You can do it like this which post-processes the results groupby returns to make it easy to get the values needed for each row of the output:

from itertools import groupby

text = ["a", "a", "b", "b", "c"]

groups = [(k, str(sum(1 for _ in g))) for k, g in groupby(text)]
a, b = zip(*groups)
print(' '.join(a))  # -> a b c
print(' '.join(b))  # -> 2 2 1

Answer 3

Here is one more alternative:

from itertools import groupby

text = ["a", "a", "b", "b", "c"]

group = groupby(text)
dictionary = {}

for k, g in group:
    dictionary[k] = sum(1 for _ in g)

keys = " ".join(list(dictionary.keys()))
values = " ".join(str(v) for v in list(dictionary.values()))

print(keys)
print(values)

Answer 4

I know you asked about itertools.groupby, BUT I would use a Counter for such task:

>>> text = ["a", "a", "b", "b", "c"]
>>> from collections import Counter
>>> c = Counter(text)
>>> print(c)
Counter({'a': 2, 'b': 2, 'c': 1})
>>> headers = c.keys()
>>> values = [str(val) for val in c.values()]
>>> print(' '.join(headers))
a b c
>>> print(' '.join(values))
2 2 1

Answer 5

Since groupby() does not lend itself to deploying tee() to make a copy, the best solution seems to be to create a tuple comprehension.

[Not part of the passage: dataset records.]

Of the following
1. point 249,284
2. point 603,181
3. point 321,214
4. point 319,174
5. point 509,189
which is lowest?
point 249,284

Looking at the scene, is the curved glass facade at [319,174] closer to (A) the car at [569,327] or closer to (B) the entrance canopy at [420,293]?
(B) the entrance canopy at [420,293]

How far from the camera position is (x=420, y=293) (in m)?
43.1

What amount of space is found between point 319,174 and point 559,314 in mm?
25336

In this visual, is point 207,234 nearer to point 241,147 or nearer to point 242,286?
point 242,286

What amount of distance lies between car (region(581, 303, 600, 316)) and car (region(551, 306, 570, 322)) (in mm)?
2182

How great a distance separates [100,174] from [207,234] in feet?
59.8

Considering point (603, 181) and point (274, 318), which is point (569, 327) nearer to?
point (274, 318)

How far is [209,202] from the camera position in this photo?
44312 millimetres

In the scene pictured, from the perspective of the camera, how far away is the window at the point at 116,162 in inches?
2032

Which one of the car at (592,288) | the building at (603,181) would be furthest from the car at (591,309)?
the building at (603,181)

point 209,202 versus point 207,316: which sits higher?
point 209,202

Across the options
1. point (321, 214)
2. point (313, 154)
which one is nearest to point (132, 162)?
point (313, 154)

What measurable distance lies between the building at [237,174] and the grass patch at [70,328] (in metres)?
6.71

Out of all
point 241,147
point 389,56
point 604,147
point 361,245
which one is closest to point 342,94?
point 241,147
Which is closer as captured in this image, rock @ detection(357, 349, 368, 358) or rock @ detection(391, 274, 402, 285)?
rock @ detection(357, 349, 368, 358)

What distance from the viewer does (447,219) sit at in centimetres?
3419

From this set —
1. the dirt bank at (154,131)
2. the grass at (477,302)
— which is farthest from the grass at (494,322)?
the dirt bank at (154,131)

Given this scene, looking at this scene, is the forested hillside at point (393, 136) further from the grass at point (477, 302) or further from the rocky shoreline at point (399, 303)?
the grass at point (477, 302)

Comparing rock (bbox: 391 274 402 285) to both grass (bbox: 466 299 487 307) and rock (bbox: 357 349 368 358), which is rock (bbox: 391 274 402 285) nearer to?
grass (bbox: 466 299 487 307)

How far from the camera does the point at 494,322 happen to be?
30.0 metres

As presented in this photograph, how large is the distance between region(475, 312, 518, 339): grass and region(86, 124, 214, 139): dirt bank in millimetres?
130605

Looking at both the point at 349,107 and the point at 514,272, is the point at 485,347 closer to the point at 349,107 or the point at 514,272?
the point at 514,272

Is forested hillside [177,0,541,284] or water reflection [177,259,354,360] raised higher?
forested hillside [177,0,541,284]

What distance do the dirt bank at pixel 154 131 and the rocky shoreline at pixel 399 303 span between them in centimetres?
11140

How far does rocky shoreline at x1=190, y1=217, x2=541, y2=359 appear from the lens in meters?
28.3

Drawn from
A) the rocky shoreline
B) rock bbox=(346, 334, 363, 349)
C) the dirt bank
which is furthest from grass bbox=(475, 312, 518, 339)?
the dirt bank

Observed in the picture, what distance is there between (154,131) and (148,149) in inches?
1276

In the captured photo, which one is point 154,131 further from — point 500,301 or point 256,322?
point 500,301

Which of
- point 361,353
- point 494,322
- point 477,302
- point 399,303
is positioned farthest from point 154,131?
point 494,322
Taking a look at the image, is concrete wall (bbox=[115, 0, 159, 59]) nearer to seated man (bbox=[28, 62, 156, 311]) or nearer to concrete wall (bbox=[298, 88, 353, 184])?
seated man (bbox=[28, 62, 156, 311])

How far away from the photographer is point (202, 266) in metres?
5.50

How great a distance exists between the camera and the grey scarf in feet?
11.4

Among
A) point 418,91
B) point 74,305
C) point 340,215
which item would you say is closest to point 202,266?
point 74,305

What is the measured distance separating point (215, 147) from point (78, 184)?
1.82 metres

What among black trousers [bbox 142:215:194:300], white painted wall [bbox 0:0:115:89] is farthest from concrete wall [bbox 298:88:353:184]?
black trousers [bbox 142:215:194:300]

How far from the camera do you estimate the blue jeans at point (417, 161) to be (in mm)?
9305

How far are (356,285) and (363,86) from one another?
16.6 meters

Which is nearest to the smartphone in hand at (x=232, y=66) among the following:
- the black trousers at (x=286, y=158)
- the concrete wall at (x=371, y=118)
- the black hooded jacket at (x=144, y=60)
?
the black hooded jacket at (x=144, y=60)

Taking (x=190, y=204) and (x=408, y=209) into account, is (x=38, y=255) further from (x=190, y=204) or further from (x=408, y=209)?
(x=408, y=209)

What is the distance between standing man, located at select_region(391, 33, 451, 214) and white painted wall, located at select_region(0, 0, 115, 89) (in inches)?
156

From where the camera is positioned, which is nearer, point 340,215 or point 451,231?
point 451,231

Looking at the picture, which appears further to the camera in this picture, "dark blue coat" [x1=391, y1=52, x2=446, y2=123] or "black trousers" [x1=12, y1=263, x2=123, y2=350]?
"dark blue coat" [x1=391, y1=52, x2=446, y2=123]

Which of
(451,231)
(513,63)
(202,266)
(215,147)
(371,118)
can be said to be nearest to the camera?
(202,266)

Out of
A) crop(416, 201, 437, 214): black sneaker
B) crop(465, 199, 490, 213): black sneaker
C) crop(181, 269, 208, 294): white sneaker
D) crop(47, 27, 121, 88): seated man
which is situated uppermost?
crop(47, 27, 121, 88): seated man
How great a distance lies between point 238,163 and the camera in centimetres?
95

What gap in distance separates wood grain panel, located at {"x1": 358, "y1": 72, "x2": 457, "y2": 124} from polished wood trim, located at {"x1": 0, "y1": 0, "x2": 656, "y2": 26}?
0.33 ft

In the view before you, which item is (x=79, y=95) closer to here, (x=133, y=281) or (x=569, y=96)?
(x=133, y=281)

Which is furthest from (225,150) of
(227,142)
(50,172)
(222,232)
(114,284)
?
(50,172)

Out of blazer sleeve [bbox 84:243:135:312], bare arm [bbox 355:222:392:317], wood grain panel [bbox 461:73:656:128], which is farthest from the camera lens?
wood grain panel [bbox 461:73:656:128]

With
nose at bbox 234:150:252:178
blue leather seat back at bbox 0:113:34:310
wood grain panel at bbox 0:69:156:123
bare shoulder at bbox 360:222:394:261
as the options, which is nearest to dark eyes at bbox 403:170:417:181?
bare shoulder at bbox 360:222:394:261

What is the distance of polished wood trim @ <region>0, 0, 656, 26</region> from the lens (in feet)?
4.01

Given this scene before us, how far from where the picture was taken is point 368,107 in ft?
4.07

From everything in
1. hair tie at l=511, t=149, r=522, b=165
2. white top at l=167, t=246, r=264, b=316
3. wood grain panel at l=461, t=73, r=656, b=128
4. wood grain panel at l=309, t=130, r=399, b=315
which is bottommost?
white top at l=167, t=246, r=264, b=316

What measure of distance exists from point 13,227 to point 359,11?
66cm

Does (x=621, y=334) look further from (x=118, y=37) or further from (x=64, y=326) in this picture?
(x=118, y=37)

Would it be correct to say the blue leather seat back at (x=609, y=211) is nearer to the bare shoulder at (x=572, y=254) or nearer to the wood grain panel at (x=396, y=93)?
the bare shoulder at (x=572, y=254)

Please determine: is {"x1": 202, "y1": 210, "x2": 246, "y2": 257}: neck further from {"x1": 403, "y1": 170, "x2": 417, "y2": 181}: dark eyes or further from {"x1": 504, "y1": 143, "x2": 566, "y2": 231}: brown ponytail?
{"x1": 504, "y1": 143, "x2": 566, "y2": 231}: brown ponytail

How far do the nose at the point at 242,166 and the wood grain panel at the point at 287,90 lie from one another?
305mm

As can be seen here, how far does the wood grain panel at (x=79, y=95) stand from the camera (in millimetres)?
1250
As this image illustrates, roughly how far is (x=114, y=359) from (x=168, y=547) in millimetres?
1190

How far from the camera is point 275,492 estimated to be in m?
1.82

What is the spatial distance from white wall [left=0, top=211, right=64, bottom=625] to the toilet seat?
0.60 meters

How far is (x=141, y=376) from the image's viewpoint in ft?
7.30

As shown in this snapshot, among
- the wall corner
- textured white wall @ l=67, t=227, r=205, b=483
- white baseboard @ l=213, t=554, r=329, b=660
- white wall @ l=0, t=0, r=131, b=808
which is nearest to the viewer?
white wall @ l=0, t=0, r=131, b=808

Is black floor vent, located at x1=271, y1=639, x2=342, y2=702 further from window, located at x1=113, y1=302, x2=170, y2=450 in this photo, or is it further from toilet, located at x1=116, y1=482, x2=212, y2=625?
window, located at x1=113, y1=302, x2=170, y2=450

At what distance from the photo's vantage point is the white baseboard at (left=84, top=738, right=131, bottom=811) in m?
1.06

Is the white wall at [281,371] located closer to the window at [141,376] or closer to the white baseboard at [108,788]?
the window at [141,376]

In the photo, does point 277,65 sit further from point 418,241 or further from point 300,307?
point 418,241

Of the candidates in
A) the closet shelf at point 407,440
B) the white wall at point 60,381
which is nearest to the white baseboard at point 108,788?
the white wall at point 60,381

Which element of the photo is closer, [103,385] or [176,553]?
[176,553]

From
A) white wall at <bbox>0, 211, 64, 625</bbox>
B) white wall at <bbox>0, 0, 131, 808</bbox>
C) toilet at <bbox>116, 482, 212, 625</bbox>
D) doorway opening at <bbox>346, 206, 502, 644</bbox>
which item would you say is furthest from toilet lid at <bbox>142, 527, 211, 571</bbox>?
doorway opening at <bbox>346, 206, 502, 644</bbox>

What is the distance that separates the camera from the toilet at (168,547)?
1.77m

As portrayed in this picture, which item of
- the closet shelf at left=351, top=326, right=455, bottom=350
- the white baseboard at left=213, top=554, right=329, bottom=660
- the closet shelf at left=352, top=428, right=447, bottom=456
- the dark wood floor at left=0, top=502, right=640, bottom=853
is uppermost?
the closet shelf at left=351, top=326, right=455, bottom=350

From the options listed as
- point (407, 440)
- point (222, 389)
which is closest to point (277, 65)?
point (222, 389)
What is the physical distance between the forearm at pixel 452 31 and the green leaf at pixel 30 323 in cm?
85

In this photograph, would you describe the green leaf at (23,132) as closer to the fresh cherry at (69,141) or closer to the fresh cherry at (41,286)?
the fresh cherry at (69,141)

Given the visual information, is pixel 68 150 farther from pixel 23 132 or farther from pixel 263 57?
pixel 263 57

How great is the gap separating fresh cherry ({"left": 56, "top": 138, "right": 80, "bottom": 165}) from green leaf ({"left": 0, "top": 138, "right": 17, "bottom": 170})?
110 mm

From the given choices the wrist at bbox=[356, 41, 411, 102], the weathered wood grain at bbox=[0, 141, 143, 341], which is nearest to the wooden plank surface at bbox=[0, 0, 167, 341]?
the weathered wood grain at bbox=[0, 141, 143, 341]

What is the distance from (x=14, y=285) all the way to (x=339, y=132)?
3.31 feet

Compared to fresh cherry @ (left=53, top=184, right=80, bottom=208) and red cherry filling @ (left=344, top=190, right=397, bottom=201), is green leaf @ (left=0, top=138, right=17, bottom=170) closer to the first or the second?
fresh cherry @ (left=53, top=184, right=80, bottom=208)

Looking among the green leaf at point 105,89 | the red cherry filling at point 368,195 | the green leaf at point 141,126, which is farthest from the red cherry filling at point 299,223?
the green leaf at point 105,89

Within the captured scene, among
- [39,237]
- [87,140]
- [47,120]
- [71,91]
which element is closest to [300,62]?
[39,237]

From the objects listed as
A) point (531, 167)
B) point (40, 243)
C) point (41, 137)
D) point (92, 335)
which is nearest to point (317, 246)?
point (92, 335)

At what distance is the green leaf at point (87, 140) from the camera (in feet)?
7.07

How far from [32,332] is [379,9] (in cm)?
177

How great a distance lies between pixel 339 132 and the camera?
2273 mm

Note that we're not interested in the values contained in each group g, so we'll just store the length of the tuple constructed on the fly from the group.

import itertools

text = ["a", "a", "b", "b", "c"]

group = tuple((k,len(tuple(v))) for k,v in itertools.groupby(text))

for t in group:
    print(t[0], end= " ")
print()
for t in group:
    print(t[1], end=" ")
print()
# a b c
# 2 2 1